3.7. THBS2 Expression Is Correlated with Immune Infiltration Level in Colon, Gastric, and Pancreatic Cancers
Since EMT is associated with tumor-infiltrating lymphocytes [37], one of the independent predictors of sentinel lymph node status and survival in cancers, we next investigated the relationship between THBS2 and the diverse immune infiltrating cells using TIMER. As shown in Figure 7(a), the THBS2 expression level was negatively correlated with tumor purity in COAD, STAD, and PAAD. THBS2 expression level has significant positive correlations with infiltrating levels of CD8+ T cells, CD4+ T cells, macrophages, neutrophils, and DCs (dendritic cells) in COAD. Moreover, the THBS2 expression level was significantly associated with the infiltrating levels of B cells, CD8+ T cells, macrophages, neutrophils, and DCs in PAAD. Similar results were also observed in STAD. These findings suggest that THBS2 may play a specific role in immune infiltration, especially in the infiltration of CD8+ T cells, macrophages, neutrophils, and DCs, in colon, pancreatic, and gastric cancers.

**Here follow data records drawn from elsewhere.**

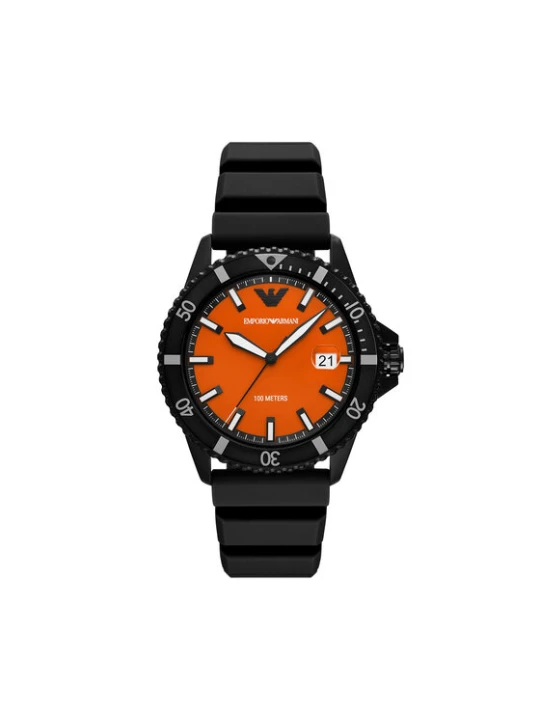 Zdjęcie produktu Zegarek Emporio Armani World Explorer AR11684 Czarny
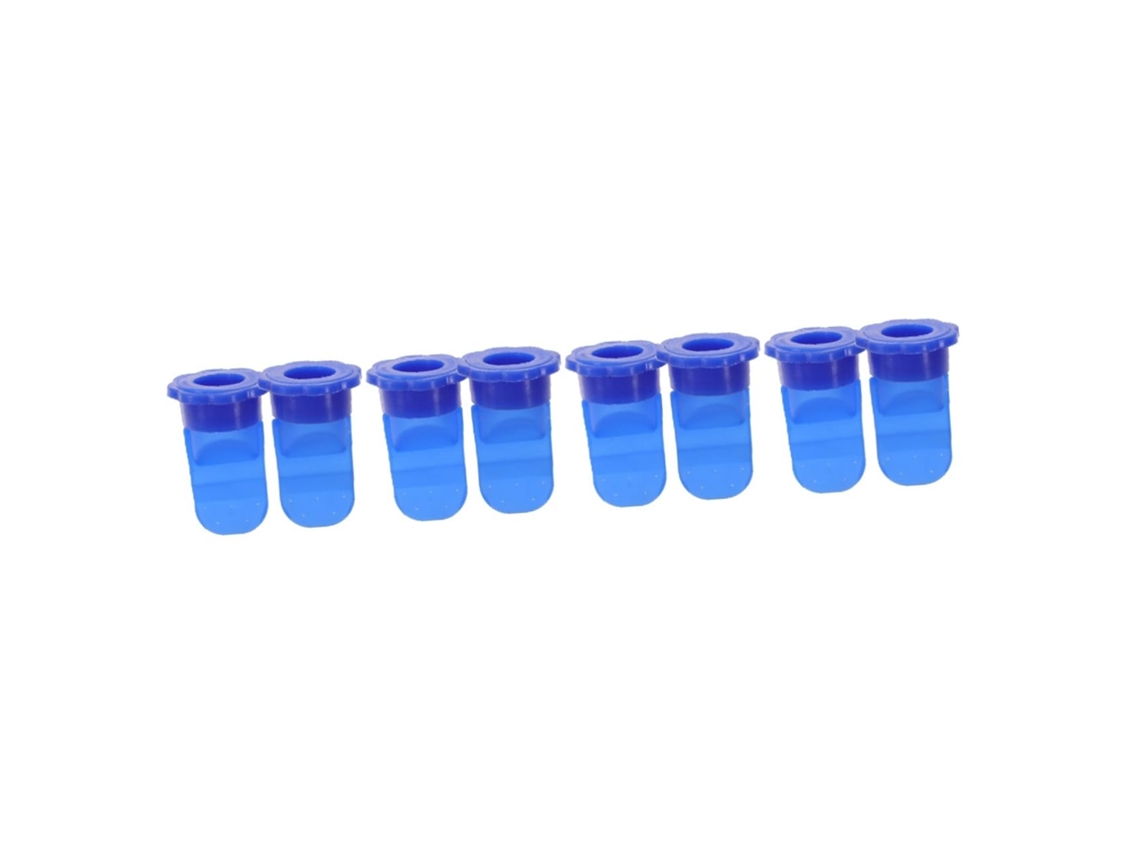 Kit De 8 Piezas Para El Control De Olores Del Núcleo Del Desagüe Del Lavabo Y Prevención De Reflujo Para El Baño.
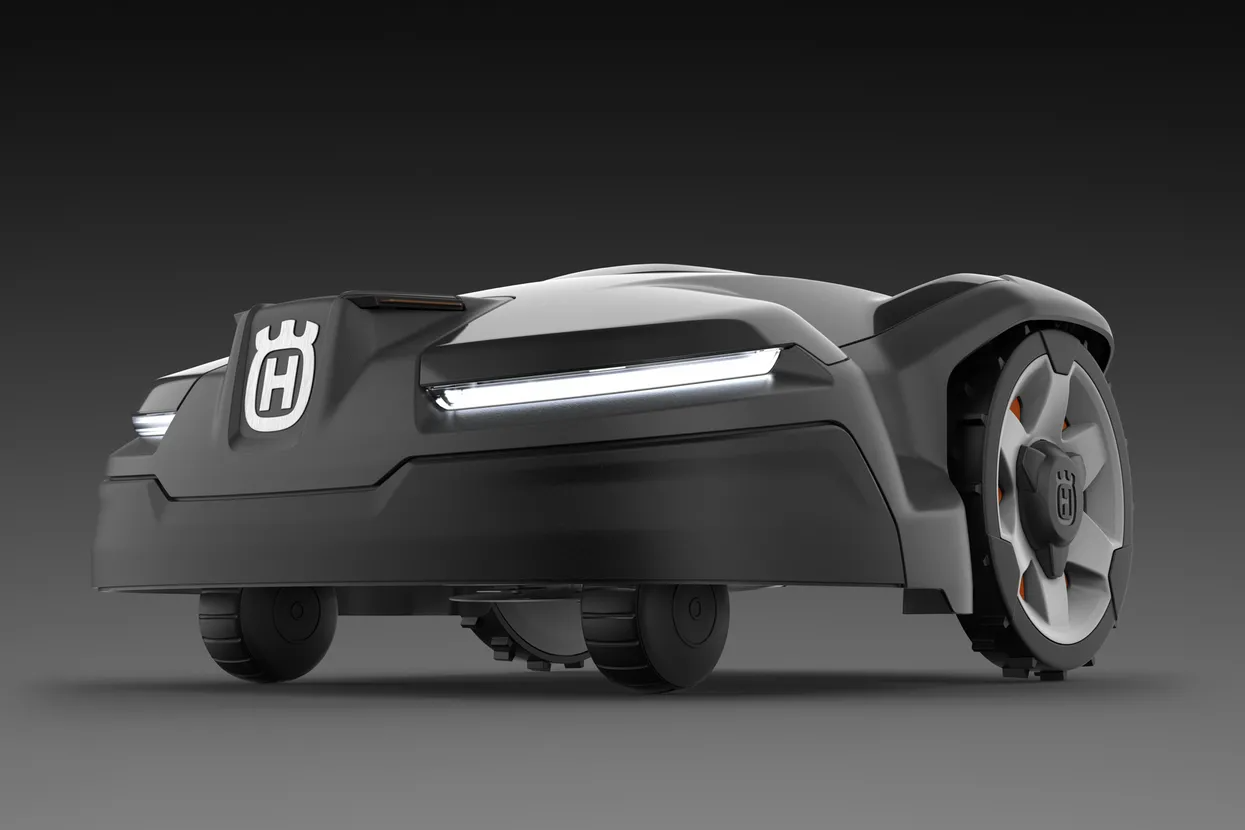 Husqvarna Automower® 415X Robotic Mower with medium DIY installation kit - 600 m²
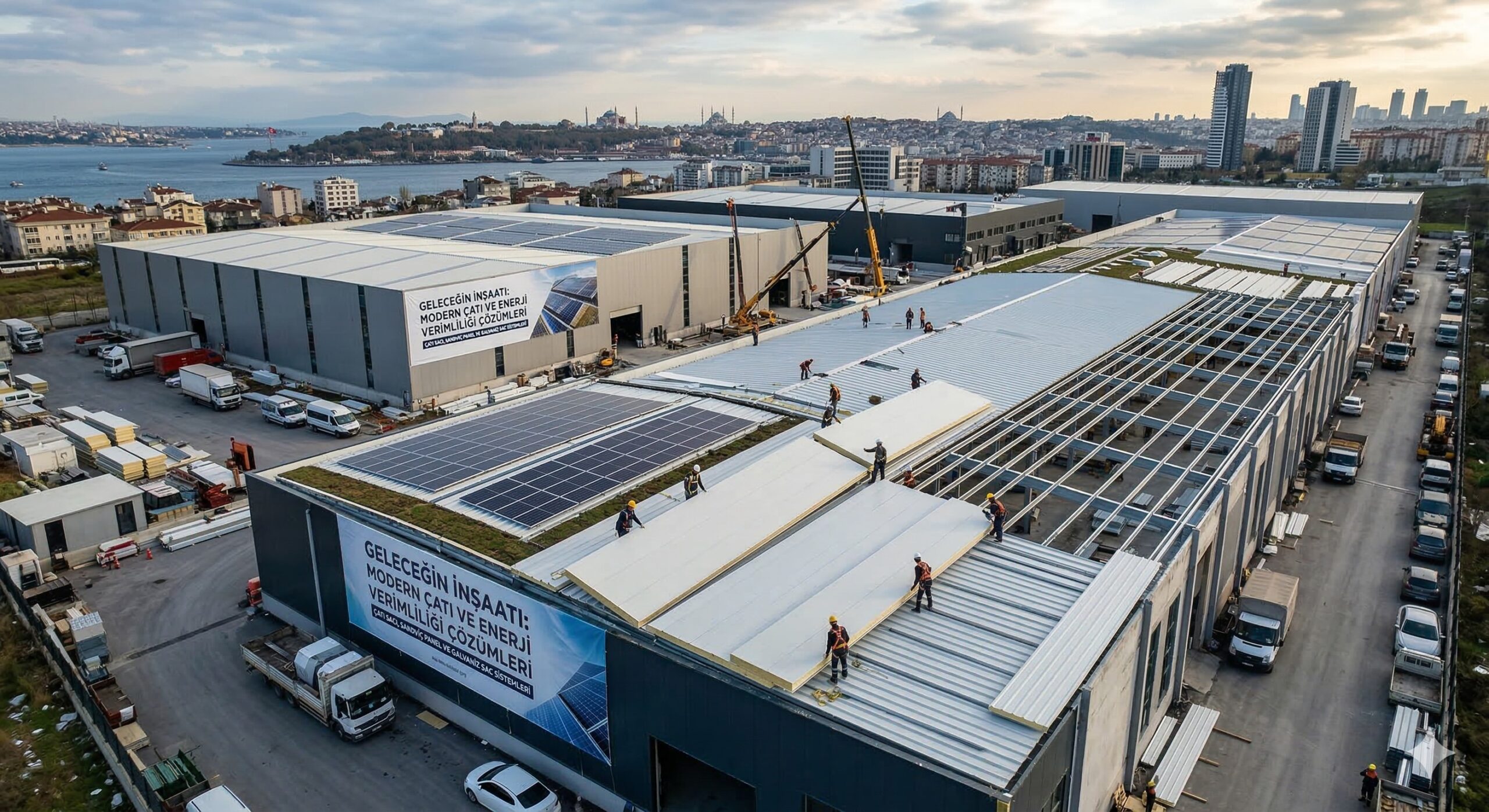 Fide Üretim Tesislerinde İklim Kontrollü Yapılar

We also analyzed the relations of the thrombospondin family with immune cell infiltrations in COAD, STAD, and PAAD. As shown in Figure 7(b), all thrombospondins were negatively correlated with tumor purity. Moreover, all of these thrombospondins, especially THBS1 and THBS2, had positive correlations with infiltrating levels of macrophages, neutrophils, and DCs. These data further indicate that thrombospondins are involved in immune infiltration in cancer. We further focused on the correlations between THBS2 and immune marker sets of various immune cells in COAD, STAD, and PAAD. Importantly, we found that the expression levels of most marker sets of monocytes, M2 macrophages, neutrophils, and DCs have strong correlations with THBS2 expression (Figure 7(c)). This is consistent with the results that THBS2 expression is strongly related to infiltration levels of macrophages, neutrophils, and DCs. Tumor-associated macrophages (TAMs) and DCs have been found to promote metastasis [38]. Thus, it is possible that THBS2 is an important factor mediating tumor-associated macrophages/DCs and tumor metastasis.
4. Discussion
In this study, we analyzed the dysregulated expression of the THBS family and their relations with tumor stage, prognosis, and tumor immunity in pan-cancer using versatile public databases. We mainly found that THBS1, THBS2, and THBS3 are dysregulated in various cancers, and their expression level is associated with the prognosis of patients. Furthermore, pathway analyses revealed that THBS members display the potential to activate EMT in cancers. Particularly, THBS1 and THBS2 have an active effect on the EMT pathway in more than half of cancer types. Previous studies have reported that THBS1 promotes tumor metastasis by enhancing EMT [11, 39, 40]. Thus, we chose THBS2 as a representative to further explore the roles of THBS2 in EMT and tumor metastasis by cellular experiments. We found that inhibition of THBS2 significantly attenuated cancer cell EMT and decreased cancer cell migration. Additionally, upregulation of THBS2 mRNA expression is associated with the progression of gastric, colon, and pancreatic cancer. These results revealed that THBS2 is involved in gastrointestinal cancer metastasis by enhancing EMT. It needs to be further explored whether other THBS genes, including THBS3, THBS4, and THBS5, participate in modulating cancer cell EMT and metastasis in the future study. Finally, all the THBS members are correlated with dominant immune cells' infiltration more or less.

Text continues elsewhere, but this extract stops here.